When our agency was founded as an organization in 2007, we were intended to do just one thing, and our original name was that one thing: The Cincinnati/Hamilton County Continuum of Care for the Homeless, Inc. The name made sense because running the local Continuum of Care was all we did, and quite frankly it was all we were intended to do at the time.
Between our founding in 2007 and 2011, we took on many additional responsibilities. We opened the Central Access Point Helpline to better connect homeless families to emergency shelters.
We started handling Emergency Solutions Grant (ESG), Housing Opportunities for Persons with AIDS (HOPWA) and took our first steps into the world of homelessness prevention by administering American Recovery & Reinvestment Act (ARRA) funds, work which then evolved into our current Shelter Diversion program.
By 2012, our old, very specific name had become cumbersome because it no longer spoke to everything we were doing as an organization. So that year we changed our name to something that more accurately reflected our growing role in the community and our broadening work.
Our new name, Strategies to End Homelessness, more clearly stated who we were and what we wanted to do.
Since then, our roles and responsibilities have continued to grow. We expanded CAP from a service that only worked with families seeking shelter to one that helps many people, including single individuals, access a variety of housing programs.
We implemented a Coordinated Entry system to ensure that the people who are most vulnerable are the highest priority for housing programs. We started administering CoC funds when the U.S. Department of Housing & Urban Development named us a Unified Funding Agency, one of the first three communities in the country given this responsibility.
We built and expanded our Compliance work to make sure funds are not only being used but being used most appropriately. We became the HMIS Lead Agency and made sure our community not only had an awesome HMIS system and data, but incredible user support to match.
We developed data analytics capacity to make sure we were getting every bit of knowledge we could from that HMIS data.
And within the CoC, we started using HMIS and other data in a new, outcomes-driven way for prioritizing programs to receive renewal funding.
We recognized that we needed to have better and expanded access to quality affordable housing, so we started RentConnect. And we took our data work to a whole new level by securing the City of Cincinnati’s first-ever Impact Award to begin using predictive data analytics to reduce family evictions.

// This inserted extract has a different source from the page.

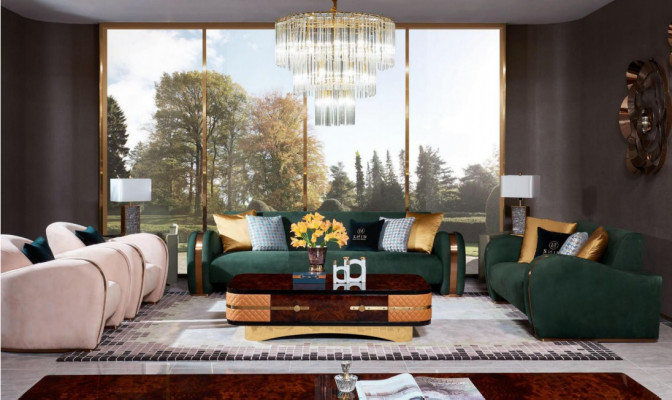 Luxury Sofa Suite 4-piece Set Sofa Leather Sofa Upholstered Chesterfield Couch Sofas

In short, 2012 to today has been another period of incredible growth, work and increasing responsibilities, so it is once again time to look at how we are presenting ourselves to our community and others.
Innovation + Prevention Redefined
This is where we lead. STEH stands apart from other conveners, other community lead agencies, in that we are building what most cities don’t have. We are one of only a handful of organizations in the world using predictive analytics to stop evictions before they happen, piloting outcomes-driven models and building eviction prevention programs that simply don’t exist in other communities.
As a result, Cincinnati doesn’t have to look to bigger cities for answers. The most innovative work in the country is happening right here, and Strategies is setting the bar for how communities everywhere can tackle homelessness differently.
Why are we refreshing our brand?
Since 2012, our roles in the community have changed considerably. We’ve gone from being an organization that only addressed homelessness in the past tense, after it had occurred, to being one that is focused on preventing homelessness before it happens, while still ensuring emergency and crisis services are available.
We’ve also evolved from being an organization that did not focus on data to being one that is led by data pertaining to outcomes, who is homeless and who is most likely to become homeless. Our approach to the problem of homelessness has matured and become multi-faceted, with an emphasis on innovation, so the way we present ourselves to the community needs to change as well.
What does our new visual identity represent?
A continued emphasis on data-driven innovation and improvement, while maintaining our focus on the people we serve.
How does this brand support STEH’s long-term strategy and impact?
Our three goals are to prevent homelessness whenever possible, provide a high level of assistance to people experiencing homelessness, and to offer solutions to homelessness through housing. Before 2012, we were focused on the latter two goals — assisting people who were already homeless and offering housing solutions.
But prevention reduces the demand on both emergency assistance services and housing programs, and does so at a lower cost, with better outcomes, while saving people the trauma of homelessness. Our new brand recognizes the reality that when we prevent homelessness from happening in the first place, the whole community benefits.
What stays the same — and what’s evolving?
The foundation of the organization is still making sure that people currently experiencing homelessness are offered the assistance they need to the maximum extent possible.
What is evolving is our emphasis on ensuring as few people as possible find themselves experiencing homelessness, and using data and innovations identified through that data to address the issue of homelessness in the most trauma-informed, cost-effective and outcomes-based ways possible.
This brand refresh is not a change in mission — it’s a clearer expression of who we are today and where we are headed together as a community.